Обладатель литературных премий «Дебют» и «Триумф», полуфиналистка премий «Русский Букер», «Большая книга» и «Национальный бестселлер» — писатель и критик Алиса Ганиева написала для «Москвички» рассказ о школе, каникулах, первых чувствах и — первых же разочарованиях.
Стояли дождливые августовские дни.
Каникулы, казалось, только начались, но уже подступали осень и возвращение в школу. Уже носился в воздухе легкий запах перегноя. Cмородина, мокрая от холодной росы, давала особую кислинку. Березовые листья коегде подернулись желтой каймой.
Техника окрашивания — балаяж.
Подслушала в салоне красоты. Я уже предвкушала, как одноклассники удивятся моей новой прическе.
Вместо косицы — каре, как у американской певицы Селены Гомес. А еще я наконец-то проколола уши. Подумать только, после десятого класса.
Стыдно, а все же не хотелось расстраивать бабушку. У нее насчет ушей особые суеверия. Якобы от дырок в мочках падает зрение. Вздор, чепуха. Я все так же отлично видела. Даже могла подсчитать, сколько черных крапинок у Виталия на воротнике.
Виталий был моим репетитором.
Родители, даже на расстоянии, продолжали печься о моих выпускных экзаменах.

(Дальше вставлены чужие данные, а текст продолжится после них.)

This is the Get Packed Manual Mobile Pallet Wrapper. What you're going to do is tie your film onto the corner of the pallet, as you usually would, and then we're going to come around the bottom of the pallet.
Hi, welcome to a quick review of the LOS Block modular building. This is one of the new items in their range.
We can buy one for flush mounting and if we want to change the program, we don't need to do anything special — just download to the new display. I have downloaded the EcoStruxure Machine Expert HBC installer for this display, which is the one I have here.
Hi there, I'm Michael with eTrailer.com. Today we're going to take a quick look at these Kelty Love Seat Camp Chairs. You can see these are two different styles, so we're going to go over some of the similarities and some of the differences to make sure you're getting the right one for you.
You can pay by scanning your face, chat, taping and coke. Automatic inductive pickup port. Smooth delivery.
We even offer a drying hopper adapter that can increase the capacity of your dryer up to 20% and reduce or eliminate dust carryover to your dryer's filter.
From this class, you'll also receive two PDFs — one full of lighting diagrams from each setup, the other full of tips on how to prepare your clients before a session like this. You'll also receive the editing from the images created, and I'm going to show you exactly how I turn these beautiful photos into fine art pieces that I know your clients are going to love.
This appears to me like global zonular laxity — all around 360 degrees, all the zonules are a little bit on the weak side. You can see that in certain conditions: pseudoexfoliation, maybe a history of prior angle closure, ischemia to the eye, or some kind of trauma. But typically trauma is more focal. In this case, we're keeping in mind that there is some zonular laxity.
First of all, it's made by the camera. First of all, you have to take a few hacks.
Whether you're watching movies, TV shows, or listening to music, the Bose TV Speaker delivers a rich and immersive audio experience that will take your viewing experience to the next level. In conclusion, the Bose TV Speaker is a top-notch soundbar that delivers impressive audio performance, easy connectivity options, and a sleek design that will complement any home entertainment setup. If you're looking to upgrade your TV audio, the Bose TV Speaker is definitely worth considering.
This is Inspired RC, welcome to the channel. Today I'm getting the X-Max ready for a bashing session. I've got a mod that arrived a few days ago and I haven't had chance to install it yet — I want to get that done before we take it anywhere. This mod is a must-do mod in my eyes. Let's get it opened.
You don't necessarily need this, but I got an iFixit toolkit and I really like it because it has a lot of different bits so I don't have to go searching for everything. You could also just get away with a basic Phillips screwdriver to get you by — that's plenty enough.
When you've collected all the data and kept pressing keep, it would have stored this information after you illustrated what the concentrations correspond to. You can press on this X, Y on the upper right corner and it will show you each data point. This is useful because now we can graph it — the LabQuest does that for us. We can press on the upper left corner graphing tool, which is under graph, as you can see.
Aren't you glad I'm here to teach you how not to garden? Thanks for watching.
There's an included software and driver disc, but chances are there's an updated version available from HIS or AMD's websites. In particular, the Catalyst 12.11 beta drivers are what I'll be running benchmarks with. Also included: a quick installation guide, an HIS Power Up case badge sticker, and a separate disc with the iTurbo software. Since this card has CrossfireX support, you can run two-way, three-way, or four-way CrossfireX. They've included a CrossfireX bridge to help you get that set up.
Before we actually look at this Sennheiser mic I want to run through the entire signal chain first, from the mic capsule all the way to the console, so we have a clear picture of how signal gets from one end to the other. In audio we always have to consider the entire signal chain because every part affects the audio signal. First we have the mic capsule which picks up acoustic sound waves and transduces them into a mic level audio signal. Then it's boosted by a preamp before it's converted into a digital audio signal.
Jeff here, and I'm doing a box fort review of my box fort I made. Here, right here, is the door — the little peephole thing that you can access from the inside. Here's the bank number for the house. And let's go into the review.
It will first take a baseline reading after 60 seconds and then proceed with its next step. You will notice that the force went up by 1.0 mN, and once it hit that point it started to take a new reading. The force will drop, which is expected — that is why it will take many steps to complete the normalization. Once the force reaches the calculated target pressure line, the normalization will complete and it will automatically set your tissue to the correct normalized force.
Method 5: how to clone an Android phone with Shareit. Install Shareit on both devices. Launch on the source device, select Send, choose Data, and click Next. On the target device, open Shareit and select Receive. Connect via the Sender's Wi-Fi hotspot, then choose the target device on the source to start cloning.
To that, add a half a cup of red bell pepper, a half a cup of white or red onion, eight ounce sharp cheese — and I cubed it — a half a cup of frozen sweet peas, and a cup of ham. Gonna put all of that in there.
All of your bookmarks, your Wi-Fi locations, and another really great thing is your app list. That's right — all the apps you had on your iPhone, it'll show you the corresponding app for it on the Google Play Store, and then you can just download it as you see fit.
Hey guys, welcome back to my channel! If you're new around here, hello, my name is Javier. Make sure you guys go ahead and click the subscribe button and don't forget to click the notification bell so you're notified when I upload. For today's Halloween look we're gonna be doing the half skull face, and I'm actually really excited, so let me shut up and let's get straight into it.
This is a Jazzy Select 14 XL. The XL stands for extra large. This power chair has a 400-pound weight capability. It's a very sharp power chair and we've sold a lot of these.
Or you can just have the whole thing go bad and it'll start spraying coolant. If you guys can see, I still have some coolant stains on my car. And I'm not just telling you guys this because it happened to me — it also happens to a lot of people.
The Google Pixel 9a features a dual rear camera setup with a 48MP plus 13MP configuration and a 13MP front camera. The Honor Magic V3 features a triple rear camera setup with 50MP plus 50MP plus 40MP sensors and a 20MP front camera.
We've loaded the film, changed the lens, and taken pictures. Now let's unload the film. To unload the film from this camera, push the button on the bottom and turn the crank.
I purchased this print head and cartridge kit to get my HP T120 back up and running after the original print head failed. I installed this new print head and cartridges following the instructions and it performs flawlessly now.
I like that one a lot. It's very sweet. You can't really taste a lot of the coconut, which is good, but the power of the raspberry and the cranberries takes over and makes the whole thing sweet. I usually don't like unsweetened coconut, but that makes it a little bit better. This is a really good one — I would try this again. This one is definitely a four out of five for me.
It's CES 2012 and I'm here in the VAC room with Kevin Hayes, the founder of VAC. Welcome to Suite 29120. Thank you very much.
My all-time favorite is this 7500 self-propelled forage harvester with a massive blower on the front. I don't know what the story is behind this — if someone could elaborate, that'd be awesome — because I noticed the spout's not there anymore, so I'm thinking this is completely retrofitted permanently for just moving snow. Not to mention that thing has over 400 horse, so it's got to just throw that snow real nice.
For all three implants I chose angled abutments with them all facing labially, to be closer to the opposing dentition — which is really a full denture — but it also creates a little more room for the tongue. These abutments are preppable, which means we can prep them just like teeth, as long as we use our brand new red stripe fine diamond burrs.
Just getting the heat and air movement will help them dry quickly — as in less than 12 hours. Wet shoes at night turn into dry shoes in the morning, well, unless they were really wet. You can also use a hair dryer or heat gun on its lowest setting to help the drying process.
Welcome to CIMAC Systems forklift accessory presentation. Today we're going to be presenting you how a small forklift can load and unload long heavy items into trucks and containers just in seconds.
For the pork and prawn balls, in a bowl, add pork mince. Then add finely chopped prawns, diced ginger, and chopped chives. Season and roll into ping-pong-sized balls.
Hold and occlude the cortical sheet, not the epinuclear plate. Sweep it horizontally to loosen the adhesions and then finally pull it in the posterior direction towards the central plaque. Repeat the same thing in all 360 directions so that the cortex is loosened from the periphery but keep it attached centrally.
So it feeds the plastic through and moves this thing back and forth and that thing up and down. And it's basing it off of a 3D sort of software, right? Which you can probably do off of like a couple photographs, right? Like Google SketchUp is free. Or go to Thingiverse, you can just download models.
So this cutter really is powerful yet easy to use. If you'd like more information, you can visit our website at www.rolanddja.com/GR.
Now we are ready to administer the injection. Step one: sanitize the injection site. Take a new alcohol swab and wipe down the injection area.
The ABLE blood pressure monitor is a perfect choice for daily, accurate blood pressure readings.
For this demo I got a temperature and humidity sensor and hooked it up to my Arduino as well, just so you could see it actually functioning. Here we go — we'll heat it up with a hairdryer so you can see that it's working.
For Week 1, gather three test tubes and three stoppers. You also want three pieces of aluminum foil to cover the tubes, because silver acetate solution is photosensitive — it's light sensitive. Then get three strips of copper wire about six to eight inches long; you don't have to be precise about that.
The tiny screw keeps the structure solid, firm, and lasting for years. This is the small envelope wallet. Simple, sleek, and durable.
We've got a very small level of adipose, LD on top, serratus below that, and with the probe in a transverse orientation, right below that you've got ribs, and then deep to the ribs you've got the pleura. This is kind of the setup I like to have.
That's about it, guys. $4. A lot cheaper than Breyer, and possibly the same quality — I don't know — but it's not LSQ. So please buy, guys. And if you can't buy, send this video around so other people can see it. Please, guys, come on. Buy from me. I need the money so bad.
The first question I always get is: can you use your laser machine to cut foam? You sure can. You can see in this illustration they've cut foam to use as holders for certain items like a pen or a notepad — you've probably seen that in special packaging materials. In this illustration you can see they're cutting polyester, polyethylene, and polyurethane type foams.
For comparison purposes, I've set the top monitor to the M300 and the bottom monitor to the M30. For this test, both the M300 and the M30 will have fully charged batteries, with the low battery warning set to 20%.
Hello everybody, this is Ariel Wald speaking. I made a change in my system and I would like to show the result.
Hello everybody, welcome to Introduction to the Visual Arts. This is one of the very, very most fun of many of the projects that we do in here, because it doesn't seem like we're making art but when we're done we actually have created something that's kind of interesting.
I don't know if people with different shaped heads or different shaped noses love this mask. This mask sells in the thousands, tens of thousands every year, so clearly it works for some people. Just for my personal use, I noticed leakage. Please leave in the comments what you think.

— Тебя ждет трудный год. Так что на даче будешь готовиться к тестам.
И вот появился Виталий. Рыжеватый, с тонкими, как будто дрожащими пальцами. Вегетарианец. Большой говорун. Бабушка им сразу очаровалась, а вот моя нелюбимая тетя, незамужняя, уже потерявшая свежесть и юность, сразу невзлюбила.
— Терпеть не могу вегетарианцев, — пробурчала она как-то после его ухода. — С ними всегда что-то не так.
Вот жена моего однокурсника сначала перестала есть мясо. Потом рыбу.
А закончилось тем, что ушла в монастырь к кришнаитам.
— Виталий ест яйца, — зачем-то вступилась я, но тетя только хмыкнула.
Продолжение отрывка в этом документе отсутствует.